(Dataset content)
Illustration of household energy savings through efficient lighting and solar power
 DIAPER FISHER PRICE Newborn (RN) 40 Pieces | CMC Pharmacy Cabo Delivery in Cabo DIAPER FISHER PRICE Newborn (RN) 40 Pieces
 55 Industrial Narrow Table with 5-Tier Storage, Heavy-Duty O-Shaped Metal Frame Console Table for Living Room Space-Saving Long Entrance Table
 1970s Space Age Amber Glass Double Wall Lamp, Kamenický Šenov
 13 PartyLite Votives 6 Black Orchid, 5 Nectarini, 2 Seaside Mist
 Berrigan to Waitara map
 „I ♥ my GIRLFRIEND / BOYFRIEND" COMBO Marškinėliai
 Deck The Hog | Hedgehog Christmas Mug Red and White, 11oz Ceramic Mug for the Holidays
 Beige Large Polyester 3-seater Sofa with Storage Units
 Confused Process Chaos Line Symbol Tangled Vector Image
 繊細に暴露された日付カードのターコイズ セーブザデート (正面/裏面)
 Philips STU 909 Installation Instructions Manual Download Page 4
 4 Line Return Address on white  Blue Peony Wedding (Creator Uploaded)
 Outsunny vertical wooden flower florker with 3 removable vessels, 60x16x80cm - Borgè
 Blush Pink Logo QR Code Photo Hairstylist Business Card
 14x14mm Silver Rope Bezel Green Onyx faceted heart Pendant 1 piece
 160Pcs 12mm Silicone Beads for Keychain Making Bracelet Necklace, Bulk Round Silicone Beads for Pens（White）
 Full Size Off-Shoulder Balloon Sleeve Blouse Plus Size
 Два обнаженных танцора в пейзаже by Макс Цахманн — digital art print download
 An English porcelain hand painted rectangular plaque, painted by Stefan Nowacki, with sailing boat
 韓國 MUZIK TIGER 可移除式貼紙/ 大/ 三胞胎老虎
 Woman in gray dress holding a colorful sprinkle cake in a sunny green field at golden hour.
(End Dataset content)
Using the material above, quote the first line and each line after it, stopping at and including the line that holds "4 Line Return".

:: Solution for this task ::
Illustration of household energy savings through efficient lighting and solar power
 DIAPER FISHER PRICE Newborn (RN) 40 Pieces | CMC Pharmacy Cabo Delivery in Cabo DIAPER FISHER PRICE Newborn (RN) 40 Pieces
 55 Industrial Narrow Table with 5-Tier Storage, Heavy-Duty O-Shaped Metal Frame Console Table for Living Room Space-Saving Long Entrance Table
 1970s Space Age Amber Glass Double Wall Lamp, Kamenický Šenov
 13 PartyLite Votives 6 Black Orchid, 5 Nectarini, 2 Seaside Mist
 Berrigan to Waitara map
 „I ♥ my GIRLFRIEND / BOYFRIEND" COMBO Marškinėliai
 Deck The Hog | Hedgehog Christmas Mug Red and White, 11oz Ceramic Mug for the Holidays
 Beige Large Polyester 3-seater Sofa with Storage Units
 Confused Process Chaos Line Symbol Tangled Vector Image
 繊細に暴露された日付カードのターコイズ セーブザデート (正面/裏面)
 Philips STU 909 Installation Instructions Manual Download Page 4
 4 Line Return Address on white  Blue Peony Wedding (Creator Uploaded)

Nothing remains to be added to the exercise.